DIRECTIONS:
Look for "Style" in the material below and show each line that contains it.

AVAILABLE DATA:
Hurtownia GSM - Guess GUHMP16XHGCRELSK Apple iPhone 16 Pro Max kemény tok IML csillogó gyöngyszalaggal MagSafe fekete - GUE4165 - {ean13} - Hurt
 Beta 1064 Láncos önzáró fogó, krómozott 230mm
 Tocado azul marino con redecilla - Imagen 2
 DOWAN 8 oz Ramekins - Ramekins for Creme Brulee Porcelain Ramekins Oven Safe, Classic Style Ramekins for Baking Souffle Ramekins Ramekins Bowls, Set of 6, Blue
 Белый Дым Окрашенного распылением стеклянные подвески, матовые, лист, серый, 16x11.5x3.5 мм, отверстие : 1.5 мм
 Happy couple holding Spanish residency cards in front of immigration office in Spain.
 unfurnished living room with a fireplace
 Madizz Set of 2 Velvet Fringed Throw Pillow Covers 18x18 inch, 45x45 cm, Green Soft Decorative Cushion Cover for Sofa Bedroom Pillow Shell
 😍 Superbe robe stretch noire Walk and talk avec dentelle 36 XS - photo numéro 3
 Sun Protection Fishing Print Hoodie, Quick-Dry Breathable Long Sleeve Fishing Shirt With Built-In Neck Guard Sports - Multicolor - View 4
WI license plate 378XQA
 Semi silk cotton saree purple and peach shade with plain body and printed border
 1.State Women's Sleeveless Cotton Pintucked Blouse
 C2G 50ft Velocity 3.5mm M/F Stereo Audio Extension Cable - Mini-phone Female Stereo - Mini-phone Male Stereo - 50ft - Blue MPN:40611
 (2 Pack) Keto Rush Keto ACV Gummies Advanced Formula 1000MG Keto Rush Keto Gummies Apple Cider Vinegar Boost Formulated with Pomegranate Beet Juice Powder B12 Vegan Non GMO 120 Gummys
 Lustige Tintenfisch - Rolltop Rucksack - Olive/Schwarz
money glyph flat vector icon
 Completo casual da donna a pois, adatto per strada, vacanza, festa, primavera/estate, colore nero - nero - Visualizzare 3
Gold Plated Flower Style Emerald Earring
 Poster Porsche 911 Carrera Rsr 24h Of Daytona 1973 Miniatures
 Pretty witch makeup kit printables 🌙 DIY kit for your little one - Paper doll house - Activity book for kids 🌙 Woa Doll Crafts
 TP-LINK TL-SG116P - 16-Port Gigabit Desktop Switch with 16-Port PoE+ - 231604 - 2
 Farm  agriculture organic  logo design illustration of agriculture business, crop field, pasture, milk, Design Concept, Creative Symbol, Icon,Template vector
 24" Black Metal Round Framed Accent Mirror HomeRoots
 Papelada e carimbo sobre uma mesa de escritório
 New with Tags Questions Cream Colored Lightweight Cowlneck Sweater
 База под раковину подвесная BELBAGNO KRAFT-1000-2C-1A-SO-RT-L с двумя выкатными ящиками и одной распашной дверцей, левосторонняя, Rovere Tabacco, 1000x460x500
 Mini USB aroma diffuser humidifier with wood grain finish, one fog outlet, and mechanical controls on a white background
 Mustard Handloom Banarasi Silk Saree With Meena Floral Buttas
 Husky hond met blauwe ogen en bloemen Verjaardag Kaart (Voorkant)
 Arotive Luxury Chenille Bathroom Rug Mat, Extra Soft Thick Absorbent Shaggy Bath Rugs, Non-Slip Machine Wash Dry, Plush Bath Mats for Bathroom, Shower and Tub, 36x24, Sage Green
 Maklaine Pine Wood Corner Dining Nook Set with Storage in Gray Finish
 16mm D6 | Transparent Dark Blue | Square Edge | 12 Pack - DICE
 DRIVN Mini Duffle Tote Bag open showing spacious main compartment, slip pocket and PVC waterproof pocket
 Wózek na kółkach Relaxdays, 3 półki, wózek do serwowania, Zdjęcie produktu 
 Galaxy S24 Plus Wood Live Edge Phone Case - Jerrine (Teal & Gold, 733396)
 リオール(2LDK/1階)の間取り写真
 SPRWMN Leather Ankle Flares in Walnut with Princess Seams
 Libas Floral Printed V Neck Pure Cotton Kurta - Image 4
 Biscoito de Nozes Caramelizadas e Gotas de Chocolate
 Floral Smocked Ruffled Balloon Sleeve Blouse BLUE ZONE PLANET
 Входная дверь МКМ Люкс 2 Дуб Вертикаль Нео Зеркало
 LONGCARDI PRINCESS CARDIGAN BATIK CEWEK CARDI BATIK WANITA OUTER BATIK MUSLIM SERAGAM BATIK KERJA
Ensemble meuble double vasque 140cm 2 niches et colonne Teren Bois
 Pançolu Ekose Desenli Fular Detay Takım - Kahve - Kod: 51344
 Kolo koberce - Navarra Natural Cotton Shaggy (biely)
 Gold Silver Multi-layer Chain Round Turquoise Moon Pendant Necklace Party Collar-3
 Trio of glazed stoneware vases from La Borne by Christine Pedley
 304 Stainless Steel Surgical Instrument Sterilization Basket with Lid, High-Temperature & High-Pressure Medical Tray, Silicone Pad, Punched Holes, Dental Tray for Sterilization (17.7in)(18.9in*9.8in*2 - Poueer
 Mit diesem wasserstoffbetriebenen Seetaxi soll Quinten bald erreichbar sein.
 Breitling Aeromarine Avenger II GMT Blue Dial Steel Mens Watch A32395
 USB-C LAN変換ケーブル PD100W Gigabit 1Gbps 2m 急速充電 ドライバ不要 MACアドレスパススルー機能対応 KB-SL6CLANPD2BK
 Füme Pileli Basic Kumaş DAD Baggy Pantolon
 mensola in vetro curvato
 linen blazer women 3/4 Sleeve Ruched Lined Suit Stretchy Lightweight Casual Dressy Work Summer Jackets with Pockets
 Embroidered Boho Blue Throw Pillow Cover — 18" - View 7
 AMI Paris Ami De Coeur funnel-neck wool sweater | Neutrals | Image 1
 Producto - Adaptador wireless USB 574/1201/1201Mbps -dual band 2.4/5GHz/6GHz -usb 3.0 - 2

EXPECTED ANSWER:
 DOWAN 8 oz Ramekins - Ramekins for Creme Brulee Porcelain Ramekins Oven Safe, Classic Style Ramekins for Baking Souffle Ramekins Ramekins Bowls, Set of 6, Blue
Gold Plated Flower Style Emerald Earring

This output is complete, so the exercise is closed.